Poussée par la curiosité, elle se décida à descendre. Elle se mit debout, ne prit pas la peine d’enfiler ses chaussons et gravit les marches précautionneusement, sans faire de bruit. Une fois en bas, ses pieds nus entrèrent en contact avec le carrelage froid de la cuisine. Elle frissonna, d’autant plus qu’elle ne dormait vêtue que d’un simple T-Shirt de son père, trois fois trop grand pour elle, le seul vêtement qu’elle avait pu garder de lui car Crystal s’était débarrassée de tout ce qui avait un rapport avec lui dans la maison.
En arrivant près de la porte communicante avec le garage, elle la poussa légèrement pour l’entrouvrir.
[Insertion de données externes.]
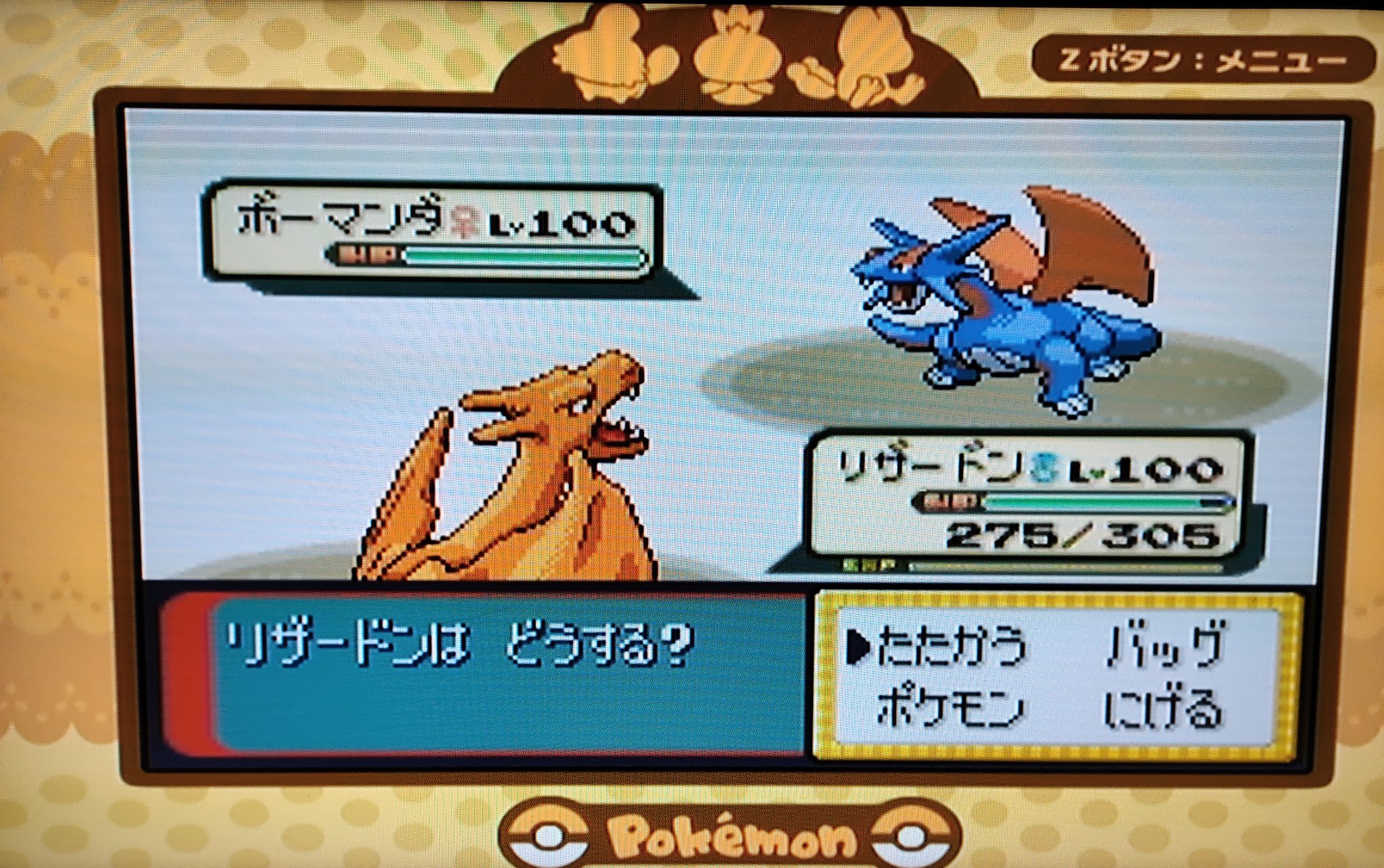 水地面4倍 この世代のボーマンダのグラフィックめっちゃ好き 地を這うドラゴン感ある T Co Is3l0exv1x Twitter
Elle aperçut Crystal, qui, nerveusement, tournait de long en large devant sa voiture, dont le coffre était ouvert. Allison tenta de regarder ce qu’il y avait dans le coffre qui pouvait autant intéresser sa belle-mère et elle distingua une forme allongée, un corps. Puis le visage d’une jeune femme sans vie, qui paraissait paisiblement endormie.
- Oh mon Dieu... Elle a tué quelqu’un... réalisa-t-elle en portant la main à sa bouche.
Elle poussa un gémissement étouffé, que, malheureusement pour elle, Crystal avait entendu. Celle-ci poussa alors avec violence la porte derrière laquelle se dissimulait Allison et la saisit par le col de son T-Shirt.
- “Qu’est-ce que tu fais là petite peste? Tu m’espionnes?
- Lâche-moi Crystal! gémit-elle.
- Pourquoi tu n’es pas au lit? Tu dois aller en cours demain, non?
- Je t’en prie, ne me fais rien!”
Crystal cessa de secouer sa belle-fille et la lâcha. Elle toisa d’un air méprisant l’adolescente de quatorze ans dont les petits yeux gris d’ordinaire si intelligents étaient envahis par la peur. Elle s’agenouilla et arrangea maladroitement les longs cheveux châtains d’Allison.
- “Tu n’as rien vu d’accord? Ce sera notre petit secret.
- Tu me fais peur...”
Crystal se crispa et lui tira les cheveux.
- “C’est le but recherché! Maintenant, tu vas te coucher et tu obéis à tout ce que je te dis, sinon je te crève? Pigé?”
Allison acquiesça. Crystal la lâcha et elle courut s’enfermer dans sa chambre. Après avoir fermé sa porte à clé, elle s’écroula contre la porte et se mit à pleurer en silence. Elle entendit à peine le téléphone sonner et Crystal affirmer à son interlocuteur que “la marchandise” était prête.